Gregory La Cava se mueve como pez en el agua en este tipo de films entretenidos, no demasiado trascendentes pero cargados de sátiras moralizantes. Una especie de novelas ejemplares entre cervantinas y quevedescas cuyos consejos,un día certeros, se han quedado obsoletos y hasta ridículos con las modernidades de una sociedad cuyos parámetros de hoy nada tienen que ver con los que se aceptaban en los años 20 o 30, hipocresías incluidas. Su cine, visto en la actualidad exige una puesta en situación siendo recomendable una especie de túnel del tiempo que ubique al espectador actual casi un siglo atrás. Y tampoco viene mal cierto conocimiento de aquella crisis económica que conmovió la economía USA y mundial que convirtió al cine en una máquina para luchar contra la depresión financiera y moral y seguir soñando. Por si a alguno se le escapa, La Cava es el director de “Al Servicio de las Damas” donde desde la óptica de un mendigo ascendido a mayordomo se cuestiona a una sociedad ociosa, improductiva e inútil.
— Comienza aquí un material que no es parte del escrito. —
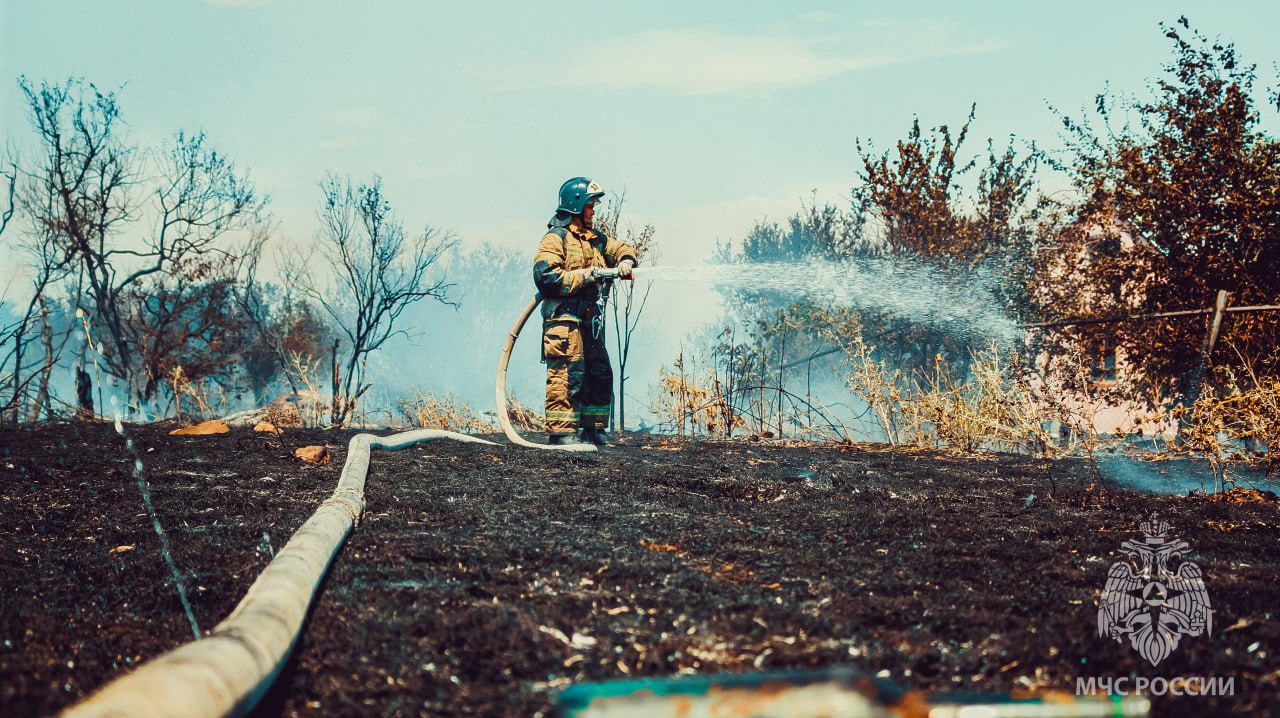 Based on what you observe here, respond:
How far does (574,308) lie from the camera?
7.54 m

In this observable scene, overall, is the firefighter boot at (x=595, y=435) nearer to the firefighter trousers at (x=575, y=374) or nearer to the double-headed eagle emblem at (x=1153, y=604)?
the firefighter trousers at (x=575, y=374)

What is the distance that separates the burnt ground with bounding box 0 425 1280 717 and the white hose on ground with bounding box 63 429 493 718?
4.1 inches

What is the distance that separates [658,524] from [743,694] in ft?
8.26

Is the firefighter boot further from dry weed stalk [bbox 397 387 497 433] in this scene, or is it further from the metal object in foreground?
the metal object in foreground

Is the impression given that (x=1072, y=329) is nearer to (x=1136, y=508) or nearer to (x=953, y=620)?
(x=1136, y=508)

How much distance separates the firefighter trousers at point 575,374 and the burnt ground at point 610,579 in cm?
155

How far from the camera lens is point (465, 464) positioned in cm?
646

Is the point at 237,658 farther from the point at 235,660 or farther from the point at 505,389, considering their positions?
the point at 505,389

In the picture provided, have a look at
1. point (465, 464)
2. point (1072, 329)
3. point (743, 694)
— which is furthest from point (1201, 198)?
point (743, 694)

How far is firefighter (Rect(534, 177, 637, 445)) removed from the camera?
7438 mm

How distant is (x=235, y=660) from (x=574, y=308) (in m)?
5.79

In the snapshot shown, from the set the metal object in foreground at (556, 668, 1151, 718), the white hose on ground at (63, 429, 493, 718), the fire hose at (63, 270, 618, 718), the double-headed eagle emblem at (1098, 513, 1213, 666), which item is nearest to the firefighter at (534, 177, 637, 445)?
the fire hose at (63, 270, 618, 718)

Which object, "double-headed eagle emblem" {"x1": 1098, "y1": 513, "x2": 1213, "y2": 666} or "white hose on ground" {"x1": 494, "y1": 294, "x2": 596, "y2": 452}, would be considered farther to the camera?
"white hose on ground" {"x1": 494, "y1": 294, "x2": 596, "y2": 452}

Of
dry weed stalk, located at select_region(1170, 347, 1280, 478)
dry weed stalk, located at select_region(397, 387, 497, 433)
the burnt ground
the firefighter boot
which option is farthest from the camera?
dry weed stalk, located at select_region(397, 387, 497, 433) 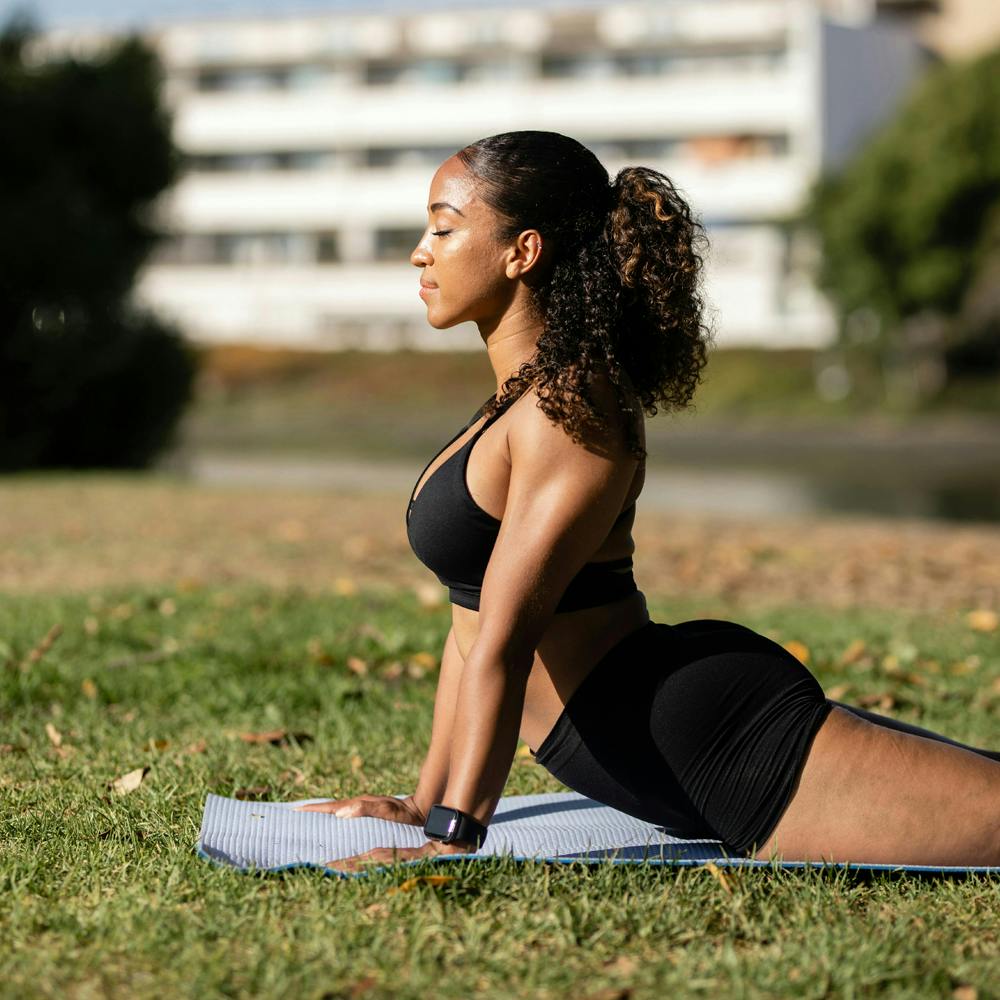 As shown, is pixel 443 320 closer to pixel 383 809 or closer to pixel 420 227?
pixel 383 809

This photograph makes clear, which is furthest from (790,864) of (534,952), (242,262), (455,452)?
(242,262)

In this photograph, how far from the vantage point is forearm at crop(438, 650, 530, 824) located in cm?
318

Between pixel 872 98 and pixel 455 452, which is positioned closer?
pixel 455 452

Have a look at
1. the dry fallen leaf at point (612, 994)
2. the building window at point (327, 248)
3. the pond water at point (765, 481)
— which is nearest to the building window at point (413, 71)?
the building window at point (327, 248)

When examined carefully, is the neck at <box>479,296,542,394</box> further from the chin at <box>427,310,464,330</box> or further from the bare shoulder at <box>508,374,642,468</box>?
the bare shoulder at <box>508,374,642,468</box>

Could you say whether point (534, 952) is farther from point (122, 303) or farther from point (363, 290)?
point (363, 290)

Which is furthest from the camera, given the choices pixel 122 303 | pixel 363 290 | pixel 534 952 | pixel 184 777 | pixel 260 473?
pixel 363 290

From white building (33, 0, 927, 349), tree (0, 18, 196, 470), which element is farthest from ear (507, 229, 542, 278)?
white building (33, 0, 927, 349)

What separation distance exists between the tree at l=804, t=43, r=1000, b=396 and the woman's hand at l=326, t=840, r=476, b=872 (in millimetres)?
30892

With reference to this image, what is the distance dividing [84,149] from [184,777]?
644 inches

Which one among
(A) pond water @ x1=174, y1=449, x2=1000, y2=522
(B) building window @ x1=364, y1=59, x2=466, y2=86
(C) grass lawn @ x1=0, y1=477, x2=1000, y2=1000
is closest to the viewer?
(C) grass lawn @ x1=0, y1=477, x2=1000, y2=1000

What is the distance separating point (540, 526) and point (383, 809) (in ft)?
3.31

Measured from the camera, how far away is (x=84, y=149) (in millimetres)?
19359

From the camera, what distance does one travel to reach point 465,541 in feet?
11.0
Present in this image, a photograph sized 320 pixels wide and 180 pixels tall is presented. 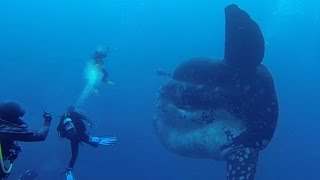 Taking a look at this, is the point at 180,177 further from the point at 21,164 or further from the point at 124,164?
the point at 21,164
No quiero finalizar mi comentario sin citar a uno de esos secundarios de auténtico lujo: Edward Everett Horton. Sin estar entre sus interpretaciones más reconocidas pone las mejores notas de humor en un film correcto que se deja ver con interés y que ratifica una vez más el buen hacer de La Cava para la comedia. En este orden de cosas, aprovecho para romper una lanza a favor de un cineasta bastante controvertido y que haciendo honor a su apellido tuvo sus más (muchos) y sus menos (pocos) “with the bottle”, pero que siempre acreditó condiciones excelentes tanto para la animación, la dirección de actores y la comedia, atreviéndose incluso con el género dramático donde obtuvo resultados muy positivos.